Mapping involves both academics and artists. Researchers are tasked with identifying specific recurrent elements in the way children of different ages watch and listen to a show. The artists – both performers and illustrators – are called to reinterpret the concept of the child spectator.
The partnership involves 18 partners from 17 European countries: theatres, institutions and artists that have established a deep relationship with very young children over time, and are willing to offer their specific know-how to this research project.
The project was launched in 2019 with the first edition of the illustration exhibition ‘The Children-Spectators’: 31 illustrators were selected by a special jury and exhibited at the La Baracca - Testoni Ragazzi, Theatre for Youth in Bologna, Mapping’s project leader. For the 2020 edition, the selected illustrators were exhibited virtually in the BCBF Galleries section of the Book Fair’s website.
The project also involves four internationally renowned artists who reinterpret the concept of children spectators. They are Katsumi Komagata (Japan), Manuel Marsol (Spain), Fabian Negrin (Argentina) and Klaas Verplancke (Belgium). Their artworks will be the centrepiece of a special exhibition to be held at the end of the project, together with the best illustrations coming out of the four-year illustration competition.
We asked Roberto Frabetti, founder of La Baracca - Teatro Testoni Ragazzi, the Mapping project leader, and Anna Sacchetti, Mapping’s promotion and management coordinator, to tell us more about this project and its development.
The Mapping project is already in its second year. How is research progressing, especially at the Testoni Theatre?

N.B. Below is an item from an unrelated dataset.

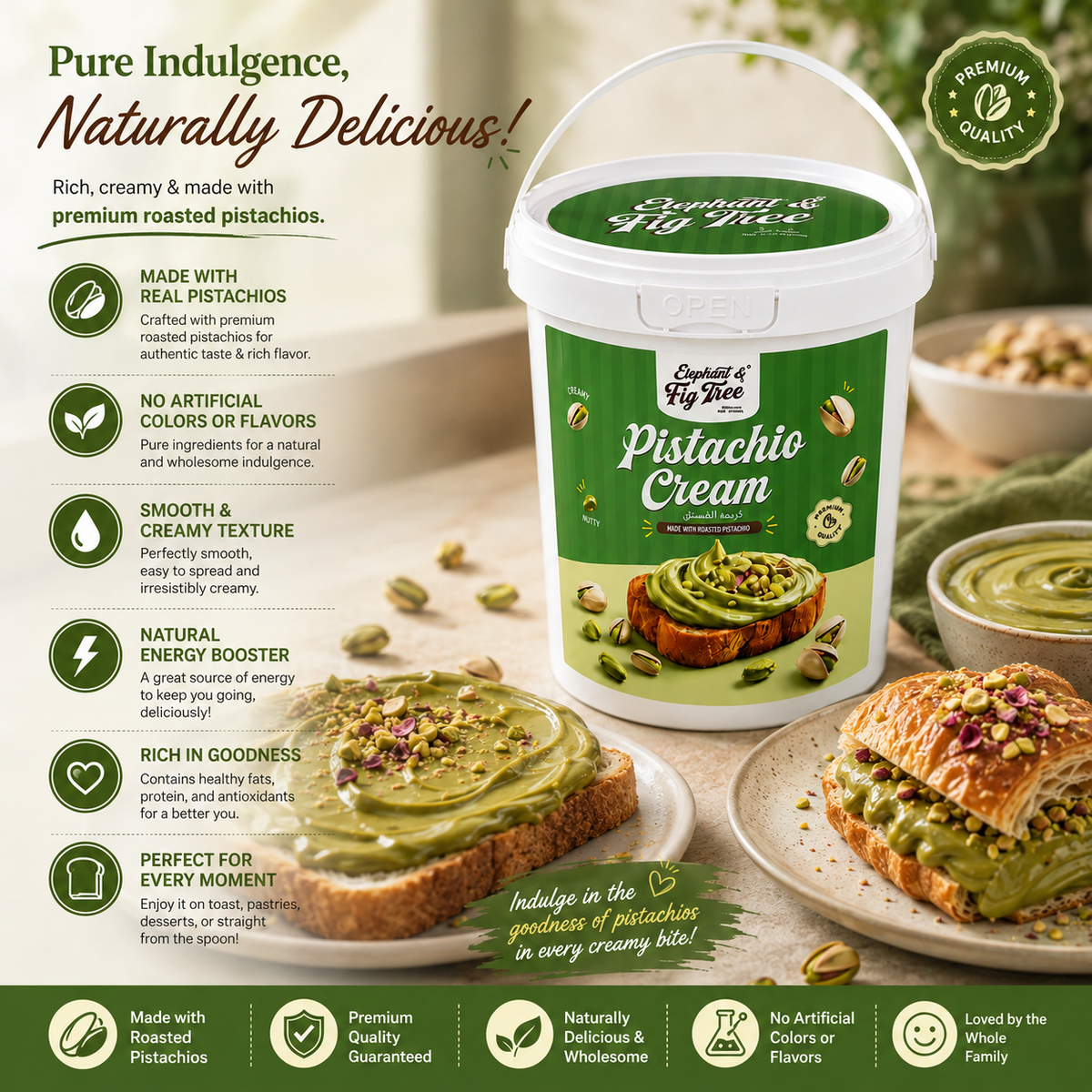 Elephant & Fig Tree Pistachio Cream 1 kg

Roberto Frabetti: All the project activities took part as planned during festivals, thanks to several partners. In 2019, each event took place in a different city: the first in Bologna, then Salzburg, Limoges, Breda and Ljubljana. That’s where the four project working groups (Image, Sound, Word and Movement) met, and that’s where several of the Working Groups’ activities took part. It was a great environment for workshops and shared reflections. Participants pooled past and present experiences and laid the foundations of a co-production approach, at the end of which each partner developed a thematic idea to be the starting point for a new production.
Hopefully by 2021, 16 children-oriented shows will be written, and a series of “open questions” (basically, invitations to actively take part) will also have been formulated. We’d like to involve anyone actively interested in children-oriented theatre. The idea is to create a map of 32 questions about the sensitive relationship between artists and children. This will be the basis for the research to be continued through to the end of the project, when it will be argued and illustrated graphically. The map is like a puzzle whose many different pieces will slowly be put together.

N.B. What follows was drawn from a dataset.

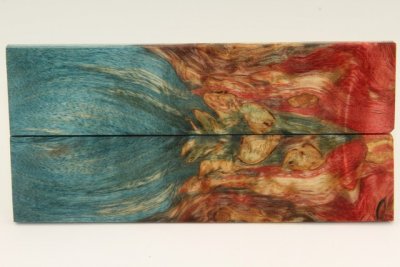 Plaquettes pour la coutellerie, Bouleau de Car&eacute;lie stabilis&eacute; multicolore, ref:PBMs74193mu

The working groups were supposed to meet again during 2020, but COVID 19 pandemic inevitably changed the project structure. Despite this, we’re confident that the foundations established during the first meetings, together with the partners’ experience and professionalism, will allow everyone to continue independently along the path set out.
At the moment, we can still only work remotely, in compliance with the rules of the different states. One day we will start travelling again, but in the meantime we continue to work on the first questions already identified as key topics by the project researchers. In fact, the first images have already been received from the four “Big” Illustrators of the project: Katsumi Komagata, Manuel Marsol, Fabian Negrin and Klaas Verplancke. This is an important step forward. After that we will start work as soon as we are allowed and it’s safe to do so.
And what about the European partners? How’s their work going?
Anna Sacchetti: Our partners have been really responsive, right from the start, each according to their own characteristics and sticking to the timeframes set.
Some have already hosted project activities at Mapping festivals organized by them in 2019, while others have coordinated research group work. Some (like the Book Fair) have done an important job as intermediaries with the world of illustration and children's literature. During the project’s first year, all the partners took part in at least two festivals, the first workshop for the groups engaged in artistic research on the map, two management meetings, and a seminar on directing and dramaturgy. Many partners have already started the production process that will lead to the writing of 16 new children-oriented shows (age 0 to 6): some of these shows are supposed to debut by the end of 2020. Of course, the current international situation abruptly stopped all 2020 plans, but we are confident and ready to start again as soon as possible.